7. Linear Scale-Out¶

The key advantage of disaggregated storage: linear performance and capacity scaling.

1 × OpenFlex Data24:
  Frontend: 75 GB/s
  Capacity: ~300 TB usable
  Serves: up to 12 GPUs at 6 GB/s each

2 × OpenFlex Data24:
  Frontend: 150 GB/s (2 × 75)
  Capacity: ~600 TB usable
  Serves: up to 24 GPUs at 6 GB/s each

N × OpenFlex Data24:
  Frontend: N × 75 GB/s
  Capacity: N × 300 TB
  No central bottleneck — each unit has independent NIC ports

Compare with SAN/NAS:
  Traditional NAS: central controller = single point of failure + bottleneck
  OpenFlex: no central controller, each unit is independent

Storage-Compute Ratio Planning¶

def plan_gds_storage(
    num_gpus: int,
    per_gpu_io_bw_gbps: float,   # GB/s needed per GPU during training
    dataset_tb: float,            # total dataset size in TB
    replication_factor: float = 1.5  # some redundancy
):
    total_io_bw = num_gpus * per_gpu_io_bw_gbps
    openflex_per_unit_bw = 75   # GB/s
    openflex_per_unit_cap = 300  # TB usable

    units_for_bw = total_io_bw / openflex_per_unit_bw
    units_for_cap = (dataset_tb * replication_factor) / openflex_per_unit_cap
    units_needed = max(units_for_bw, units_for_cap)

    print(f"GPUs: {num_gpus}")
    print(f"Required I/O bandwidth: {total_io_bw:.0f} GB/s")
    print(f"Units for bandwidth: {units_for_bw:.1f}")
    print(f"Units for capacity ({dataset_tb} TB): {units_for_cap:.1f}")
    print(f"OpenFlex units needed: {int(units_needed) + 1}")

# Example: 32 GPUs, each needs 10 GB/s, 500 TB dataset
plan_gds_storage(num_gpus=32, per_gpu_io_bw_gbps=10, dataset_tb=500)
# GPUs: 32
# Required I/O bandwidth: 320 GB/s → 5 units for bandwidth
# Units for capacity (500 TB): 2.5 → 3 units for capacity
# OpenFlex units needed: 5 (bandwidth-limited)

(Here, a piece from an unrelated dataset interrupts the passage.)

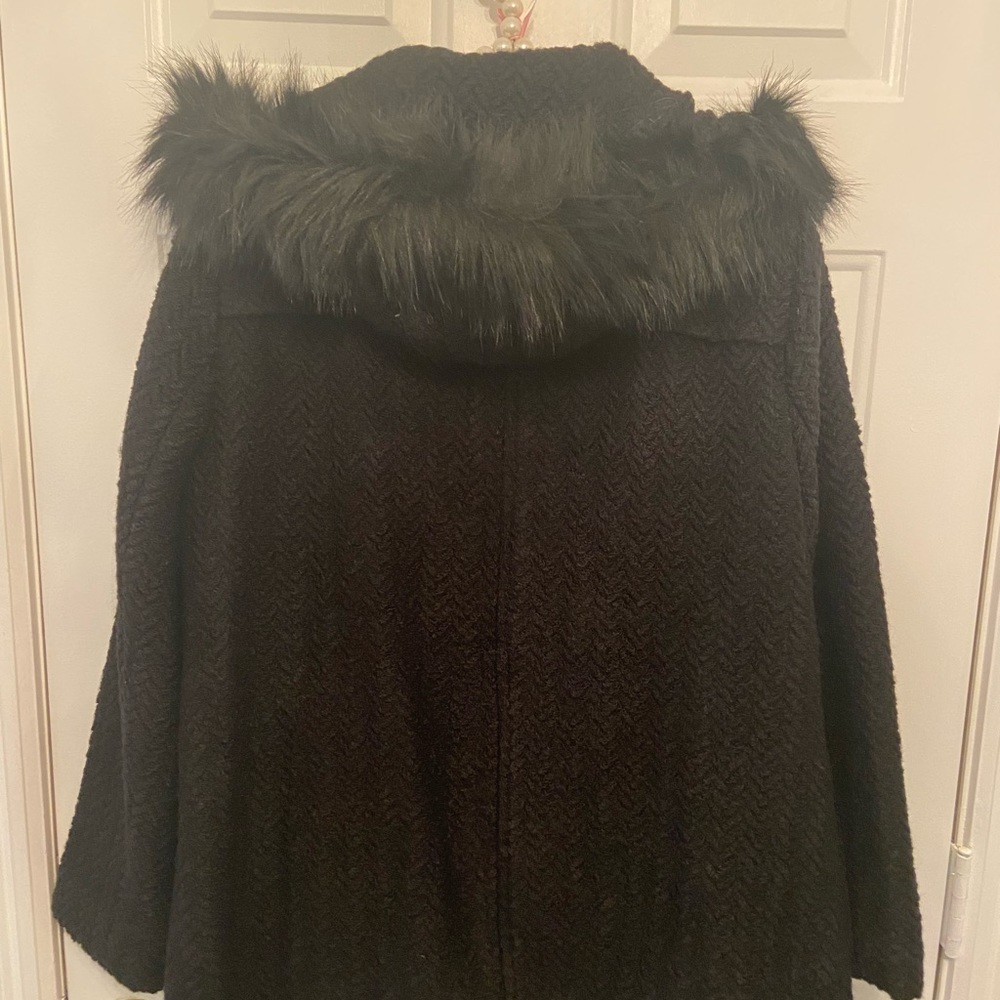 Black winter Jacket - Picture 7 of 13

8. End-to-End GDS + OpenFlex Architecture¶

Complete reference architecture (WD technical brief):

┌─────────────────────────────────────────────────────────────────┐
│                      Compute Cluster                            │
│                                                                 │
│  Node 0                           Node 1                        │
│  ┌──────────────────────┐         ┌──────────────────────┐      │
│  │ 4 × A100 GPU         │         │ 4 × A100 GPU         │      │
│  │ 6 × ConnectX-7       │         │ 6 × ConnectX-7       │      │
│  │   (3 per NUMA node)  │         │   (3 per NUMA node)  │      │
│  │ Local NVMe (8-bay)   │         │ Local NVMe (8-bay)   │      │
│  │   → hot tier cache   │         │   → hot tier cache   │      │
│  └──────────┬───────────┘         └──────────┬───────────┘      │
└─────────────┼───────────────────────────────┼──────────────────┘
              │  200 Gb/s RoCEv2               │
              │  (24 × DAC cables)             │
              ▼                                ▼
┌─────────────────────────────────────────────────────────────────┐
│           NVIDIA SN3700 Spectrum-2 Switch                       │
│           32 × 200 Gb/s, lossless RoCEv2                        │
└─────────────────────────────────────────────────────────────────┘
              │
              ▼
┌─────────────────────────────────────────────────────────────────┐
│           WD OpenFlex Data24 3200                               │
│                                                                 │
│  ┌─────────────────────────────────────────────┐               │
│  │ RapidFlex AIC (6 × 100 Gb/s Ethernet)       │               │
│  │ → Exposes NVMe namespaces via NVMe-oF/RoCEv2 │               │
│  └─────────────────────────────────────────────┘               │
│                                                                 │
│  24 × U.2 NVMe SSD (PCIe Gen3 internal)                         │
│  Max throughput: 75 GB/s total                                  │
└─────────────────────────────────────────────────────────────────┘

Data flow (GDS active):
  Training data on OpenFlex → RoCEv2 → ConnectX-7 → GPU HBM
  No CPU involvement at any stage
  GPU sees OpenFlex drives as local /dev/nvmeXnY via NVMe-oF